In Prince Rupert, about 220 kilometres from the epicentre, some people complained they heard no emergency messages to seek higher ground.

In the village of Tlell, on Haida Gwaii, Dutes Dutheil said he and his neighbours did not get enough information about what was happening.

"We still have no news, other than turning on the TV or radio — but if there's no power?" he said.

"There has to be some better way of communicating to people if there's an emergency and they have to evacuate," said Dutheil.

Officials pleased with response

Guy Urban, a seismologist at the  West Coast Alaska Tsunami Warning Centre, confirmed B.C.'s Provincial Emergency Program officials were already aware of the U.S. tsunami warning by the time a regional conference call ended at 8:17 p.m.

"PEP was part of that conference call ...They think if there was a problem, someone in their fan-out list didn't get the message," said Urban.

But Kelli Kryzanowski, the province's manager of strategic initiatives for Emergency Management B.C., said she was pleased with the way local governments and individuals reacted to the quake and the tsunami threat.

The agency activated nine operations centres and sent out thousands of voice calls, emails, and faxes to first responders, she said.

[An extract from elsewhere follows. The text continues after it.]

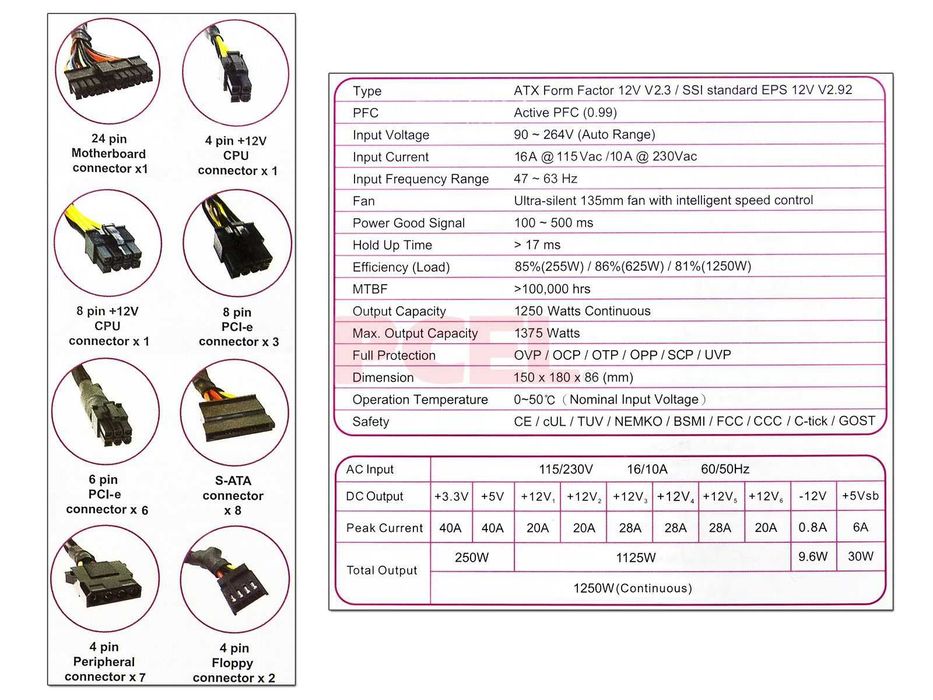Захранване PSU Cooler Master Real Power 1250W 80 Plus ATX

Kryzanowski said as soon as local officials learn of an earthquake on the West Coast, they should start their own emergency procedures without waiting for provincial alerts.

"After these types of events we always do an analysis and have discussion about what will be the best ways to further enhance," Kryzanowski said.

"So at this point we're just doing the post mortem on this, figuring, looking at what went well, some of the lessons we can learn, and then those discussions will take place down the road."

Premier Christy Clark said she was happy with the province's response to the earthquake.

"If there are things to learn, then we'll go back and look at them, but here's the thing: no one was hurt, no one was injured. The system worked," Clark said.

"If it wasn't perfect, then we're going to go back and figure that out. I don't know if our response ever is perfect, but we need to make sure that we learn."

Justice Minister Shirley Bond was also pleased with the response of emergency officials and local governments, but added that she won't offer her own assessment of the response until after the review is complete.

Bond also said that at least one government system may have had technical difficulties.

Alert timeline

The first U.S. warning issued by the Pacific Tsunami Warning Center at 8:13 p.m. said a tsunami was not expected.

Then at 8:16 p.m. the center issued a new tsunami warning for coastal areas of B.C. from the north tip of Vancouver Island to Alaska.

It was not until 39 minutes later that the first tsunami warning was issued by B.C. emergency officials.

"A 7.7M #earthquake occurred 40 KM S of Sandspit, #BC at 8:04PM PDT," read Emergency Information B.C.'s first tweet at 8:55. "A #tsunami warning is in effect for north Vancouver Island."

Then at 9:06 pm, another B.C. agency — the Provincial Emergency Coordination Centre — issued its first tsunami warning by email to provincial emergency notification system recipients, including CBC News.

That warning covered the North Coast, Haida Gwaii, and the Central Coast including Bella Bella, Bella Coola and Shearwater.

"At this time it is believed that a low level tsunami could impact marinas and other coastal infrastructure. Or create strong currents in harbours and isolated coastal areas in these zones. Local governments in these zones are advised to activate their emergency plans and to immediately evacuate marinas, beaches and other areas that are below the normal high tide mark," said the warning.

At 9:20 p.m., Emergency Information B.C. issued a similar tweet, cancelling the warning for northern Vancouver Island and issuing a new one for areas closer to the quake.

"Tsunami warning for North Coast, Haida Gwaii & Central Coast. NO warning currently for North Van Island," said the 9:20 p.m. tweet.